I once had a reporter from CBS call me who wanted some background stories or ideas of companies that went beyond the normal customer service experience that we are used to. She then said, “Hal, don’t give me the usual examples, I would like something that is newer or fresher.”
Here is the problem: I really could not come up with anything that stood out. Can you? What happened? Have we become so accustomed to average or poor customer service that we accept it and say “Oh well, that is the way it is.”
This is bothersome on so many levels that it reminds me why I started a highly specialized customer service satisfaction firm in the early 1980s.
Let me back up to the mid-1970s when I had three cars stolen, all General Motors Oldsmobiles. I was getting fed up with going to get to my car and it just wasn’t there. I thought this was getting a little old, so I decided to buy a car that would not be stolen. In those days, Honda was selling a fraction of the cars that it sells today. In fact, Japanese quality was thought of as inferior to American-built cars then.
I bought a small Honda Prelude. My main reason was that it was cute and no one would want to steal it. I was correct. After I bought the car, something happened that was life-changing and it set a new course for my next occupation.
After my first service on the vehicle, the dealership called me to see if I was satisfied with the service performed and if the people were accommodating. Wow. I was blown away someone called me to see if I was happy. That was radical and definitely unique in those days.

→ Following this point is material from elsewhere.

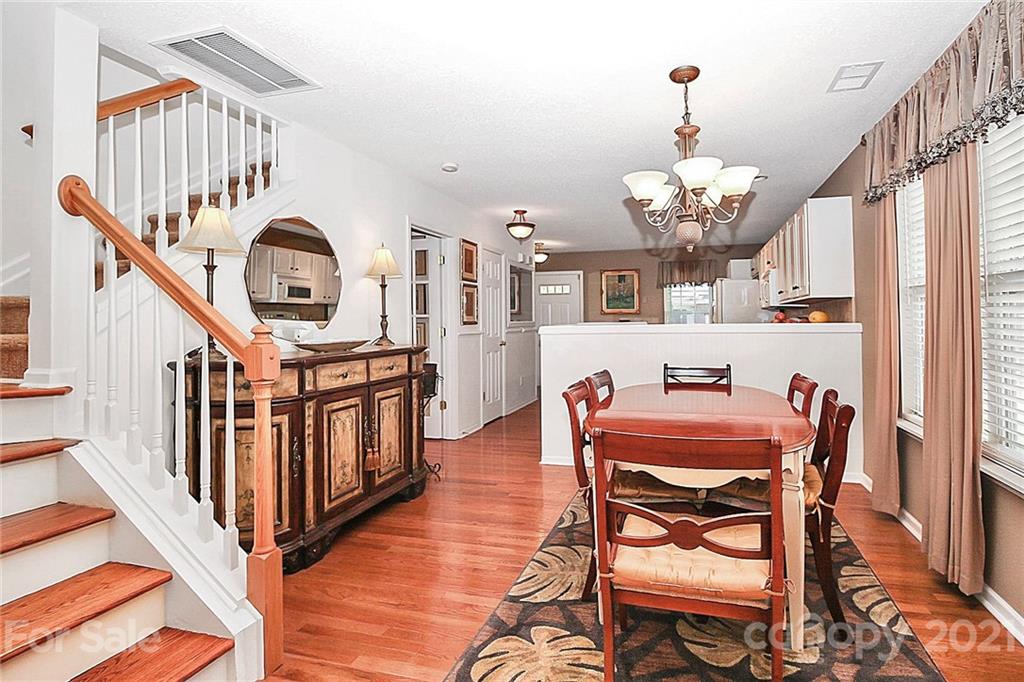 16844 Timber Crossing Road, Unit 2111 Charlotte, NC 28213 - Photo 6 of 33 a view of a dining room with furniture a chandelier and wooden floor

I called the dealership and asked to speak to the owner and thanked him for showing their customers they truly do care.
The owner explained how they had a friend making the calls for them to check on the satisfaction level of new and used car customers. Now, I felt as though I got hit over the head with a sledgehammer. I have always wanted my own business, but I did not know what it would be.
I was motivated to start something that was mine and I had a few simple rules: little start-up cash (under $20,000), nothing that I would have to manufacture and all my eggs in smaller baskets. In other words, do not try to get one customer, instead spread your business in many smaller customers, so you don’t go out of business if you lose that big one.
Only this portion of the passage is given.